Lee leaped onto the man’s back, clinging to him, but he shook her off and she fell to the ground. He stood there unmoving, staring at her, then the gun dropped from his hand and he crumpled to the ground as if all the air had gone out of him. The beam from his flashlight fell on the wooden handle of the steak knife protruding from his chest.

As Gamay helped Lee to her feet, Lee gazed at her deadly handiwork.

“I’ve never done anything like that,” she said. “Never.”

“You’ll get used to it,” Gamay said. “Who is he?”

“I don’t know. He came up while I was getting my kayak and struck me with his gun. He said he’d been watching me, and that others were coming in a boat to take me away.”

Gamay suddenly put her hand on Lee’s arm.

“Listen,” she said.

Excited voices talking in Chinese could be heard coming along the path. The others had arrived.

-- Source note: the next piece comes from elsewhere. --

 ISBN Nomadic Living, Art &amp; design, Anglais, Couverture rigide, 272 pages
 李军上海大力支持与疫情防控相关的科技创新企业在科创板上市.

Lee’s kayak was righted and dragged to the water. She produced a spare plastic-and-aluminum paddle for Gamay to use. They both shoved their kayaks off the beach and paddled madly. They were about a hundred feet from the mangroves when flashlight beams probed the water around them.

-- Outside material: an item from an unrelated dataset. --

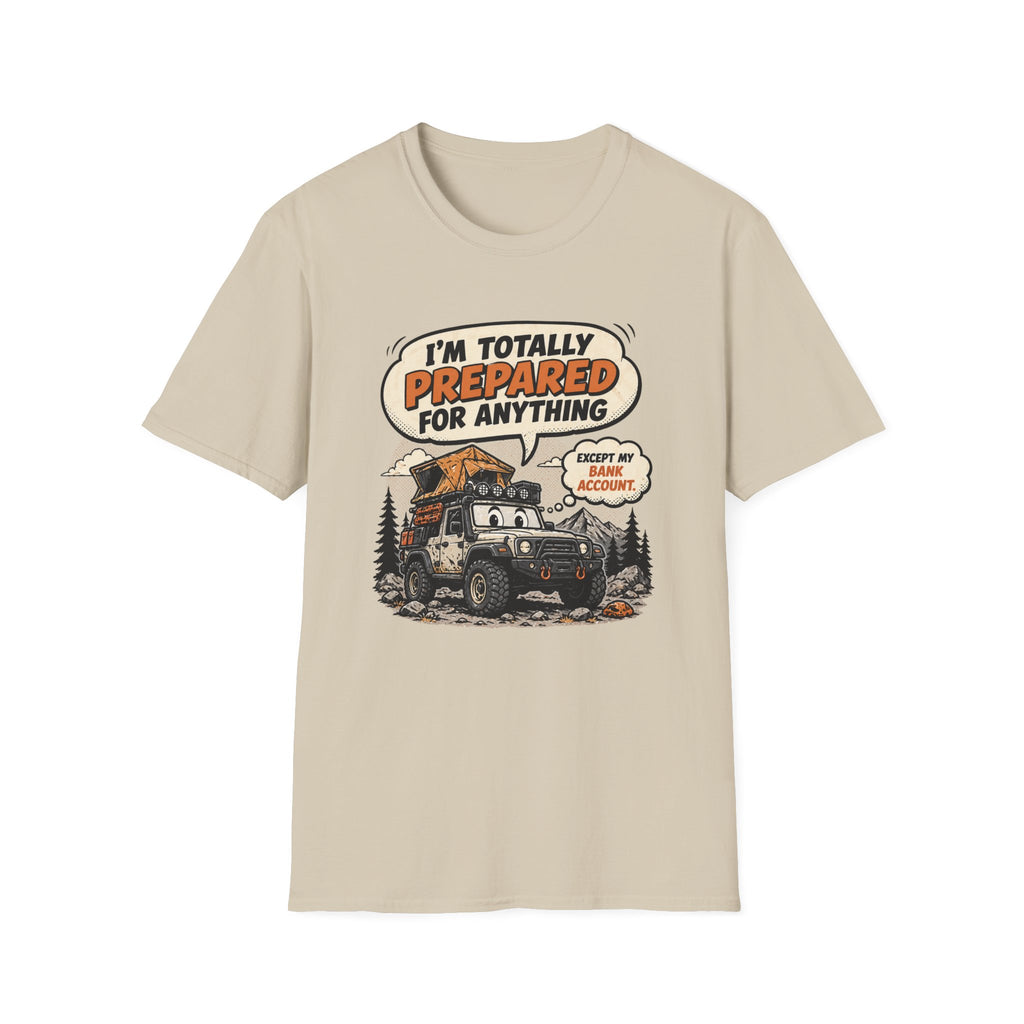 Prepared For Anything But The Bank Account T-Shirt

The shafts of light reflected off the shiny fiberglass hulls. Gamay told Lee to hug the shore, where they’d make a more difficult target. She tensed, expecting gunfire, but the lights blinked out.

“They are going back to their boat,” Lee said. “They will come around the other end of the island and intercept us.”

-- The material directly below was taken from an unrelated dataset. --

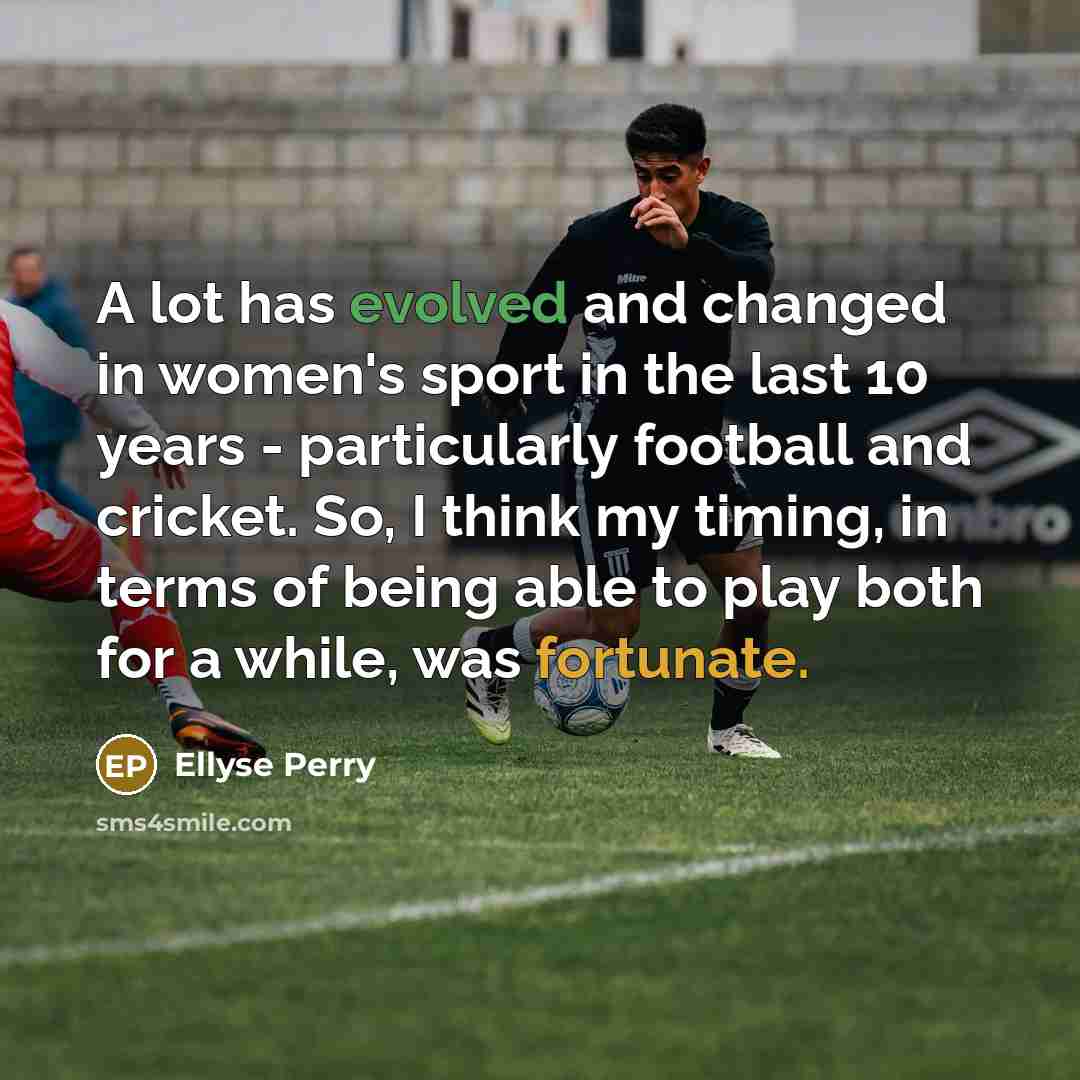 “A lot has evolved and changed in women's sport in the last 10 years - particularly football and cricket. So, I think my timing, in terms of being able to play both for a while, was fortunate.” quote by Ellyse Perry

“How long before they get there?” Gamay asked, without breaking the rhythm of her strokes.

“Five, ten minutes, maybe. What should we do?”

“Paddle as if our lives depended on it . . . because they do.

They put their backs into each stroke and made it out of the cove, but the sound of a boat engine soon shattered the quiet of the night. A spotlight moved slowly back and forth across the water. There was no place along the shore where they could put in and hide. Thick, gnarly roots extended out from mangroves, forming a formidable barrier.

A silhouette loomed ahead. They were coming up on the grounded cabin cruiser. Gamay paddled toward the old boat with Lee right behind. They climbed aboard the derelict, pulling their kayaks up behind them, and lay facedown on the rotting deck.

Through cracks in the hull, they saw the spotlight go past the cruiser. For a second, Gamay entertained a flash of optimism, but that faded as the search boat changed direction, circled the wreck, and came closer. The spotlight filtered through the cracks and fell on their faces.

The women’s pursuers peppered the cabin cruiser with gunfire, starting with the elevated bow and working back toward the stern. They took their time, pumping round after round into the pilothouse. Splinters showered the two women. Gamay covered her head with her hands and cursed her own stupidity. The only thing they had accomplished by climbing on the old boat was to give these bozos some target practice. It would only be a matter of seconds before the bullets found them.

Then the firing stopped.

Gamay expected the attackers to swarm aboard, but instead a bottle filled with flaming gasoline arced through the air and landed on the deck. Crackling fire from the Molotov cocktail spread in a blazing puddle that lapped at their feet. The heat became unbearable. The two women stood up, preferring to be shot rather than be burned to death. But the boat carrying their assailants was moving away from them and picking up speed. By then, the cabin cruiser had become a blazing torch.

“Jump!” Gamay yelled.

They dove into the water and swam away from the burning wreck. They struck out for the nearest mangrove and had only gone a short distance before they heard a boat engine again and saw a spotlight coming their way.

Gamay’s hopes were dashed. The shooters were coming back to finish them off.

The boat slowed and the spotlight played over the water, finally finding the pair of swimmers. Gamay expected that the rattle of gunfire would be the last thing she would ever hear, but instead a familiar voice rang out.

“Gamay,” Paul Trout called, “is that you?”

She stopped swimming and began to tread water. She stuck a hand in the air. The boat edged closer, looming over them, and she looked up to see Paul Trout’s long arms reaching down to pull her to safety.